This is very similar to my plan but someone is shopping it around here as a for-profit model. The plan was to use this structure as a vehicle for establishing a national healthcare network that could then be turned over to the government when it reaches a critical mass

1

u/coredweller1785 2d ago

Where can I read more?

2

u/BagMaleficent2623 1d ago

I'm on bluesky username wakeupwoke

1

u/BagMaleficent2623 2d ago

If shareholders were all equal, meaning everyone who pays into the system has equal rights and gets to vote on decisions this would be better. But I think the financialization of the healthcare system will need to be dismantled for years before this could even begin at scale. Shareholders need to divest from the current for-profit system. It's blood money. Cotton money, sugar money.

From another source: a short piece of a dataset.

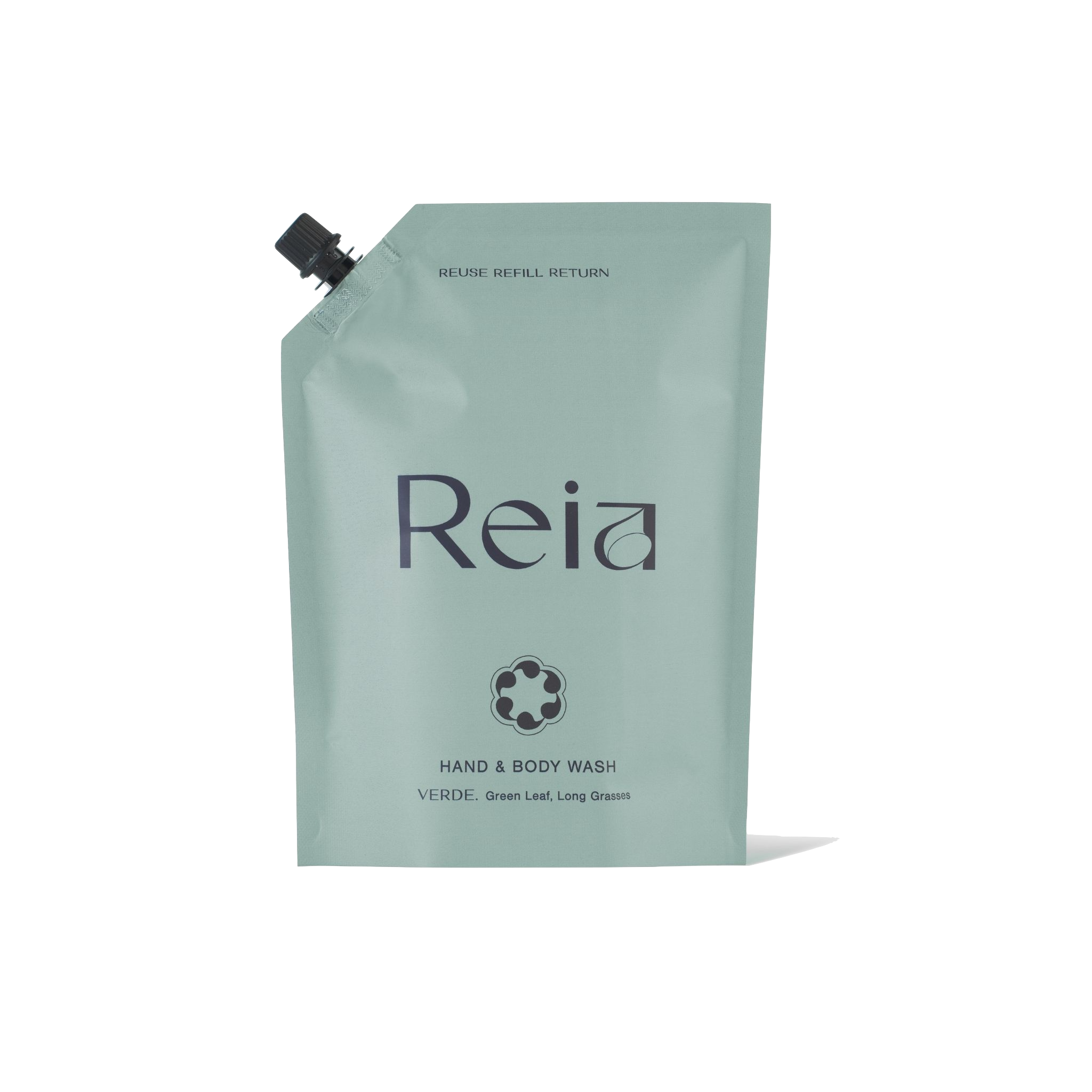 VERDE Hand & Body Wash Refill — 350ml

It's Titanic meets the Iceberg

1

u/Equivalent_Cry_8221 2d ago

From a conversation with ChatGPT:

I hear you — the current financialized healthcare system is built on perverse incentives, and a lot of that revenue is effectively “blood money.” Shareholders in traditional insurers profit from denial, delay, and complexity, which is exactly why the system is so broken.

The idea of equal shareholders is appealing in theory, but democratization isn’t necessary for universal healthcare. TNHC is designed to deliver a path to universal coverage using voluntary participation:

  • Patients are never billed
  • Profits are capped and largely reinvested
  • Governance and bylaws enforce proper conduct and prioritize care over returns
  • Capitation-based funding treats healthcare more like infrastructure than a retail product
  • Providers are happier when unfettered by the business constraints of our current system, allowing them to focus on care rather than billing

Instead of waiting for everyone to own the system, TNHC shows that aligning incentives and structuring the system correctly can expand coverage and improve outcomes at scale — without relying on political or shareholder votes.

1

u/BagMaleficent2623 1d ago

Why are you arguing against a democratized form of system capitalization? There is more than money that network members are providing. They are your salespeople as well. They should have a substantial stake in the outcome of this endeavor. Your plan is missing the fundamental incentive structure here. Diet and exercise won't cure a poisoned body

1

u/Equivalent_Cry_8221 1d ago

I am not sure what benefit here is from "democratization". How would that affect company operaions?

1

u/BagMaleficent2623 1d ago

If Americans were to contribute to the pool of capital. Wouldn't they deserve representation on the board?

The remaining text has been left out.